I have a question about constructing a topology on a space $X$ starting from topologies defined on a family of subspaces $(X_i)_{i\in I}$ of $X$.
Assume that $X$ is a set and $(X_i)_{i\in I}$ is a collection of subsets of $X$. Assume also that for every $i\in I$, there is a topology $\mathcal{T}_i$ defined on $X_i$. We say that a topology $\mathcal{T}$ on $X$ is consistent with the family $(X_i,\mathcal{T}_i)_{i\in I}$ if the induced topology by $\mathcal{T}$ on $X_i$ is exactly $\mathcal{T}_i$ for every $i\in I$. Consistent topologies may or may not exist. And if they exist, there might be a unique consistent topology, or there might be more than one. It is easy to check the following facts:
- If consistent topologies exist, then the finest consistent topology is given by $$\mathcal{T}=\{U\subset X:\; U\cap X_i\in\mathcal{T}_i,\;\forall i\in I\}.$$
- A necessary condition for the existence of consistent topologies is the pairwise compatibility of the topologies $(\mathcal{T}_i)_{i\in I}$, i.e., it must be the case that for every $i,j\in I$, the topology induced by $\mathcal{T}_i$ on $X_i\cap X_j$ must be the same as the topology induced by $\mathcal{T}_j$ on $X_i\cap X_j$.

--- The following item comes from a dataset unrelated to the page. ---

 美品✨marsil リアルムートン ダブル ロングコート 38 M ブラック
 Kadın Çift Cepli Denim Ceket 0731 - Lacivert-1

The above condition becomes sufficient if the spaces $(X_i)_{i\in I}$ are an increasing sequence, i.e., if $I=\mathbb{N}$ and $X_n\subset X_{n+1}$ for every $n\in\mathbb{N}$. Is the above necessary condition also sufficient in general for arbitrary collection of subspaces? if not, is there a known necessary and sufficient condition for the existence of consistent topologies?
Is there a necessary and sufficient condition for the uniqueness of the consistent topology (in case such one exists)?
Has this problem been studied? If yes, can someone refer me to a good reference?